Latest news this evening from Scott Aaronson at the IAS in Princeton:
Tonight, David Nirenberg, Director of the IAS and a medieval historian, gave an after-dinner speech to our workshop, centered around how auspicious it was that the workshop was being held a mere week after the momentous announcement that a wormhole had been created on a microchip (!!)—in a feat that experts were calling the first-ever laboratory investigation of quantum gravity, and a new frontier for experimental physics itself. Nirenberg speculated that, a century from today, people might look back on the wormhole achievement as today we look back on Eddington’s 1919 eclipse observations providing the evidence for general relativity.
I confess: this was the first time I felt visceral anger, rather than mere bemusement, over this wormhole affair. Before, I had implicitly assumed: no one was actually hoodwinked by this. No one really, literally believed that this little 9-qubit simulation opened up a wormhole, or helped prove the holographic nature of the real universe, or anything like that. I was wrong.
Scott has been the one person in this field I’m aware of who has tried to do something about the out-of-control hype problem that has been going from bad to worse. I do disagree with him about one thing. He goes on to write:
I don’t blame the It from Qubit community—most of which, I can report, was grinding its teeth and turning red in the face right alongside me. I don’t even blame most of the authors of the wormhole paper, such as Daniel Jafferis, who gave a perfectly sober, reasonable, technical talk at the workshop…
I do blame all those people. Unlike Scott, they’ve been either participating in hype for years, or staying quiet and enjoying the benefits of it. Grinding their teeth and turning red in the face is not enough. They need to finally say something and take action.
Update: Still unclear to me what the ultimate fallout of the publicity stunt will be.
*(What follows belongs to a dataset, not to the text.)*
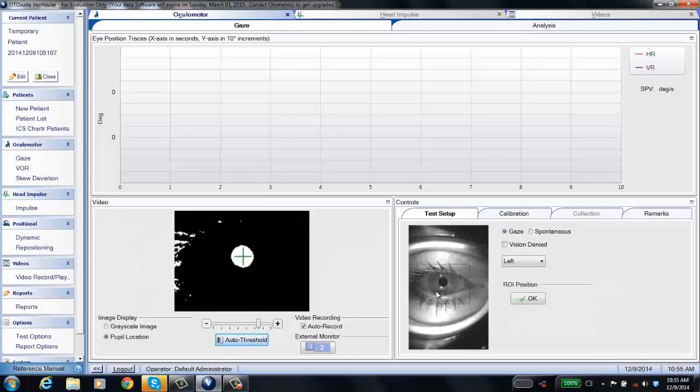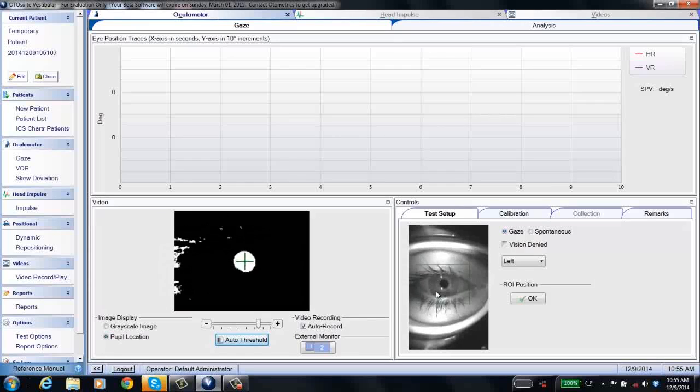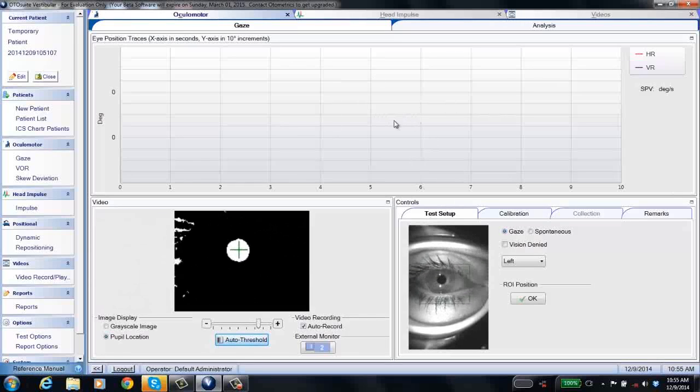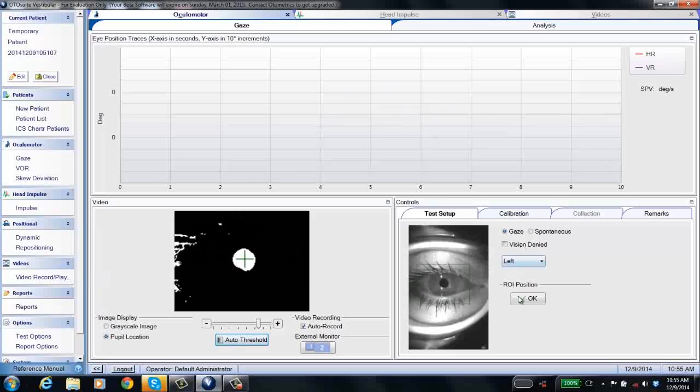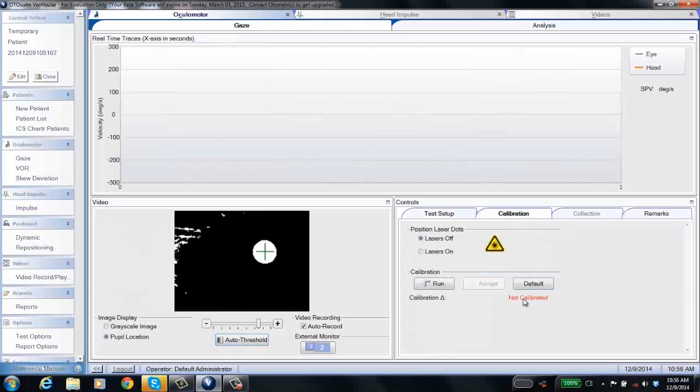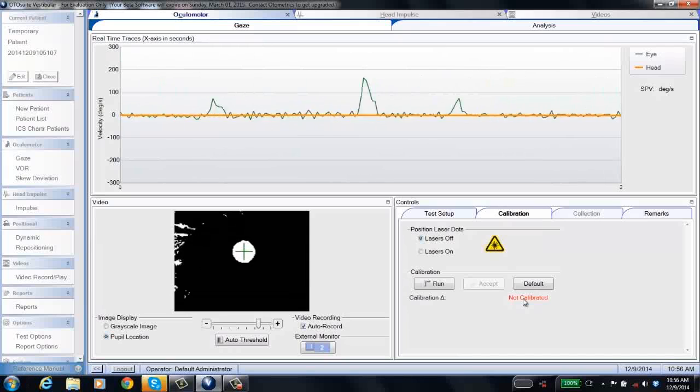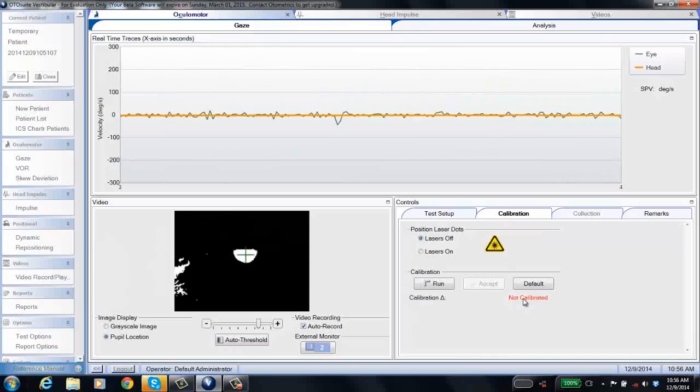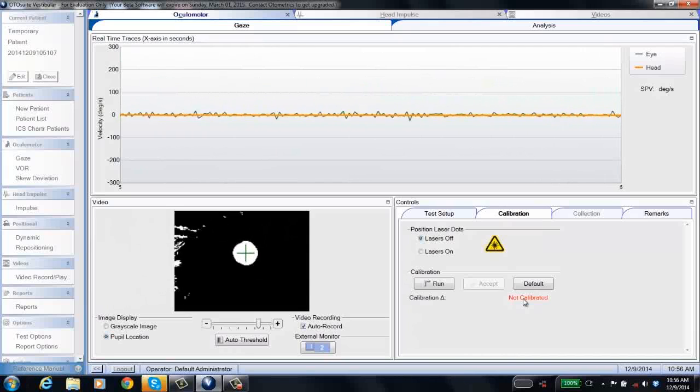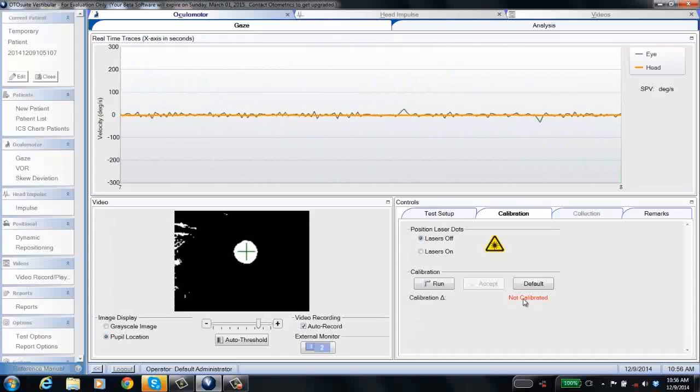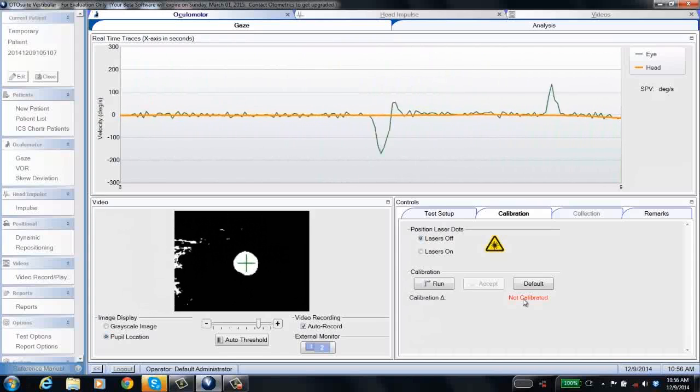Otherwise, all the pupil detection is exactly the same. The screen does look a little different for all tests. Outside of VHIT, you have a gray real-time trace window that shows you the eye in green and the head in orange. But the pupil detection procedure is exactly the same for all tests.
One thing that is becoming clear is that the publicity stunt is part of a vigorous and very effective campaign to mislead funding agencies and those making funding decisions. The goal is to convince them that “quantum gravity in a lab” is a real thing and the way forward for fundamental theoretical physics. The bogus Quanta story, video, headlines are not a bug, but a feature. Among the funding agencies, DOE is on board, their grant funding the publicity stunt, and they are advertising it prominently in their presentation to HEPAP today (see page 7 here). At the IAS, it seems director Nirenberg’s claims that the “first quantum gravity experiment on a chip” was possibly the biggest breakthrough in a century were not off-the-cuff comments based on what he had read in the paper or at Quanta, but prepared remarks based on conversations with IAS senior faculty. I gather that what he has been hearing from at least some of them is that the wormhole “experiment” vindicates their past research and justifies supporting them in the direction they are choosing for the future. He has though now been hearing other viewpoints.
If researchers in this field want to know what they can do about the problem, contacting places like Quanta to get them to fix their coverage is one thing, another is contacting people with funding responsibilities (ie. program officers at funding agencies, directors of institutes) who seem to have been misled by the hype campaign.
Update: Quanta hasn’t done anything more to fix the wormhole article, but they have now updated their original “Physicists have built a wormhole and successfully sent information from one end to the other.” tweet. New one reads “Experimental physicists built the mathematical analog of a wormhole inside a quantum computer by simulating a system of entangled particles.”
Update: Today at HEPAP the Fermilab director was prominently advertising the wormhole publicity stunt as a Fermilab initiative (see slide 67 here). She describes future plans for more of the same, with these calculations being performed not on one quantum computer, but on two spatially separated quantum computers connected by a quantum network. This would somehow allow for a big increase in the “quantum gravity in the lab” hype with a new Nature cover story: “FNAL scientists connect two quantum computers by a wormhole between two labs”. A question for those in the “It from Qubit” field. Are you willing to contact those responsible for funding this, who are now prominently advertising this work as a major success and new direction of research they intend to fund (e.g. Glen Crawford at DOE, and Lia Merminga at FNAL)?
Update: 4gravitons has a blogpost about the Quanta article, concentrating on the issue of “tone” of the coverage. That’s relevant for the usual problematic sort of physics coverage, but in this case something much more unusual is going on. This was a well-organized publicity stunt designed to justify funding “quantum gravity in a lab” research. Quanta was taken in more so than many other journalism venues. But the really disturbing part of this story is who else was taken in: the IAS director, the Fermilab director, the DOE division director and others, who are sophisticated consumers of science journalism, and independently getting their information from senior scientists in the field.